WOODROW WILSON Y LA RUPTURA SILENCIOSA DE LA DOCTRINA MONROE

 

Cuando Estados Unidos entró en la Primera Guerra Mundial, en la primavera de 1917, lo hizo con la solemnidad de quien promete que no volverá a ocurrir. El país que llevaba casi un siglo repitiendo —a veces con convicción, a veces por pura inercia— que los asuntos europeos no eran asunto suyo cruzaba ahora el Atlántico armado hasta los dientes. Llegaba tarde, además, cuando el conflicto ya había demostrado su capacidad para triturar imperios, economías y certezas. Pero insistía en que aquello no significaba nada definitivo. No era un cambio de rumbo. Era una excepción. Grave, costosa, traumática, pero excepcional al fin y al cabo.

La escenografía importaba. Estados Unidos no entraba en la guerra como una potencia arrastrada por los acontecimientos, sino como alguien que acude porque no le queda más remedio moral. La intervención debía parecer inevitable, pero también incómoda, casi indeseada. En ese equilibrio delicado se jugaba algo más que una campaña militar: se jugaba la posibilidad de romper con una tradición diplomática de casi un siglo sin admitirlo abiertamente.

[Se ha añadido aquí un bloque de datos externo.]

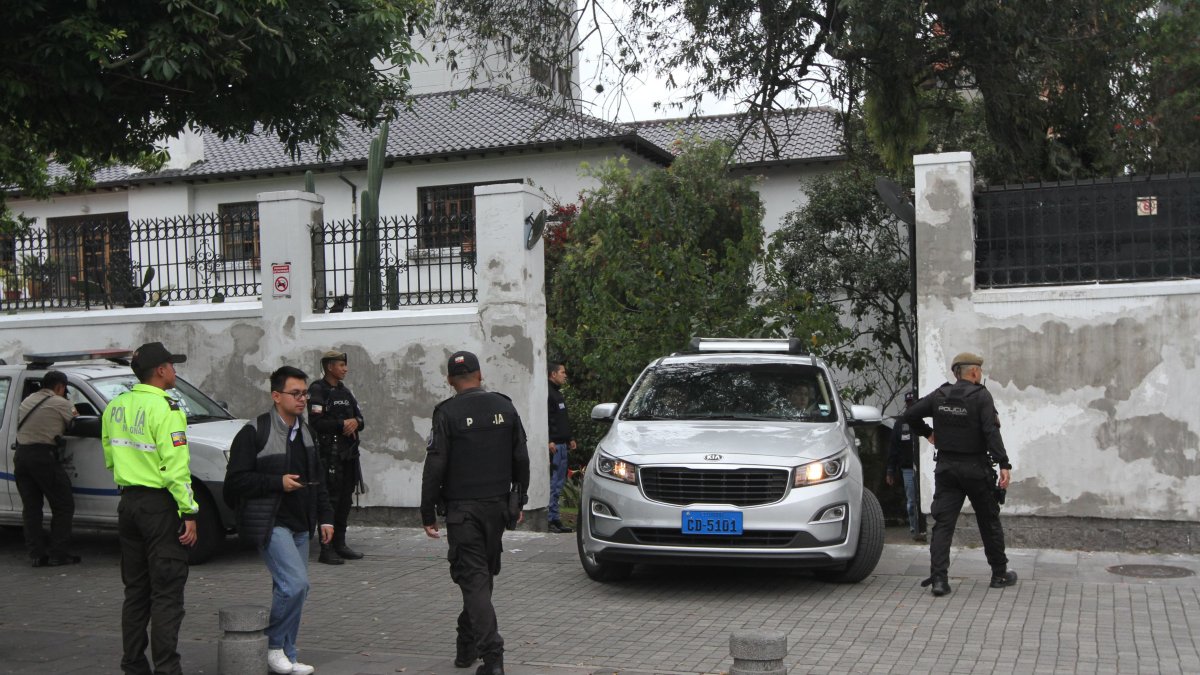 Varios vehículos ingresan y salen de la Embajada mexicana en Quito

El encargado de explicar ese ejercicio de funambulismo fue Woodrow Wilson, un profesor universitario llegado a la presidencia con fama de intelectual serio y vocación pedagógica. Wilson creía que la política, como la enseñanza, consistía en explicar bien las cosas. Si se encontraba la formulación correcta, la realidad acabaría adaptándose. Sabía que estaba rompiendo algo importante, pero también sabía que no podía decirlo así. Reconocer explícitamente que Estados Unidos abandonaba su promesa histórica de no intervenir en Europa habría sido políticamente suicida. Su solución fue tan elegante como peligrosa: cambiar el significado de la guerra.

En su discurso ante el Congreso del 2 de abril de 1917 evitó cuidadosamente presentar el conflicto como lo que era —una guerra europea entre imperios industriales— y lo redefinió como una crisis moral global. Estados Unidos no entraba en guerra contra Alemania como nación, sino contra prácticas intolerables: la guerra submarina irrestricta, la violación del derecho internacional, el desprecio por los derechos de las naciones neutrales. No se trataba de banderas ni de fronteras, sino de normas básicas de convivencia.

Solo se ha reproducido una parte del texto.